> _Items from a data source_

%%

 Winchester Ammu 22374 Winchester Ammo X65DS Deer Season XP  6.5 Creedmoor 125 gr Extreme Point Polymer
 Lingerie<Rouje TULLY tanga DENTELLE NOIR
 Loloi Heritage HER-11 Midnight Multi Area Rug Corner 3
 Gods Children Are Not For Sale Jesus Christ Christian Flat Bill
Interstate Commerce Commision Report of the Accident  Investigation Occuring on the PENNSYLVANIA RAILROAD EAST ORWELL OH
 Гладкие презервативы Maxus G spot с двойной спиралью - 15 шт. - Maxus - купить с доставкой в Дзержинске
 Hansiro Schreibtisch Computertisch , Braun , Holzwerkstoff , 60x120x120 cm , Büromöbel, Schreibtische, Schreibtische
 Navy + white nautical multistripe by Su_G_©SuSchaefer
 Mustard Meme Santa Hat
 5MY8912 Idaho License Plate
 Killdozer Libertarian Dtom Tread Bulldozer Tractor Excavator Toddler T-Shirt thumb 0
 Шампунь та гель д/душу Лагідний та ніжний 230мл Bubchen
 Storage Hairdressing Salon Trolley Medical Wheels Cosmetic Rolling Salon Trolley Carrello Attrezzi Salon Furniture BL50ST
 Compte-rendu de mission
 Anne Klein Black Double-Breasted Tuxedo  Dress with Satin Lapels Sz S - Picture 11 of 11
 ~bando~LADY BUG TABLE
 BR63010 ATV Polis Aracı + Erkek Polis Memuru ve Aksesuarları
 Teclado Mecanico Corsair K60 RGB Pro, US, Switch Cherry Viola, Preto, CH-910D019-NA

%%

> _Aim of the exercise_
Output must be limited to the lines beginning with the one that contains "Шампунь та гель" and ending with the last line of the entries, reproduced exactly.

> _Your response_
 Шампунь та гель д/душу Лагідний та ніжний 230мл Bubchen
 Storage Hairdressing Salon Trolley Medical Wheels Cosmetic Rolling Salon Trolley Carrello Attrezzi Salon Furniture BL50ST
 Compte-rendu de mission
 Anne Klein Black Double-Breasted Tuxedo  Dress with Satin Lapels Sz S - Picture 11 of 11
 ~bando~LADY BUG TABLE
 BR63010 ATV Polis Aracı + Erkek Polis Memuru ve Aksesuarları
 Teclado Mecanico Corsair K60 RGB Pro, US, Switch Cherry Viola, Preto, CH-910D019-NA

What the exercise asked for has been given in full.